Beyond Echinacea: Native Plants Awaiting our Attention, Breeding and Selection
The drive toward planting natives is not a fad, but a direction that will continue to expand in the market. While inkberry holly, clethra and echinacea cultivars are almost ubiquitous in landscapes, gardeners will continue to seek the new and different, the ecologically positive, and the beautiful. Through increased knowledge of species needing our recognition, the industry is brimming with opportunities using plants that are literally at our doorstep.
A lifelong native of the Washington, D.C. area, Bill traces his interest in horticulture to earliest childhood. Initially uninterested in reading, his parents bought him plant books; within days he was bringing plant parts home for identification and learning to pronounce their scientific names.

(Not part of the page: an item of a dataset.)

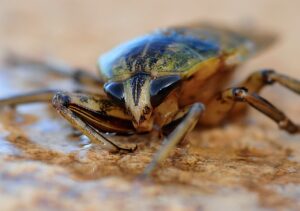 Désinsectisation de blattes et cafards à Bordeaux (Gironde, 33)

While earning his B.S. in ornamental horticulture, Bill worked as a research assistant at the USDA Beltsville Agricultural Research Center, providing him a balanced perspective in the plant sciences. Hired as a horticulturist at the U.S. Botanic Garden upon graduation in 1986, Mr. McLaughlin cultivated of a vast array of accessioned plant species, both temperate and tropical. In 1996 he was placed in charge of plant selection for a new project, the National Garden, a joint public-private project. In 2005 he became the first Curator of Plants for the Botanic Garden, allowing oversight of the entirety of the garden’s plant-based content. In 2006 the long awaited three acre National Garden debuted, featuring roses and Mid-Atlantic native plants. Since that time, Bill has busied himself with refining the body of plant collections throughout the Botanic Garden to illustrate its scientific, aesthetic, and educational mission. As speaker, consultant, and advisor to professionals, researchers and publishers, Bill extends the Garden’s reach in horticultural expertise to the greater public.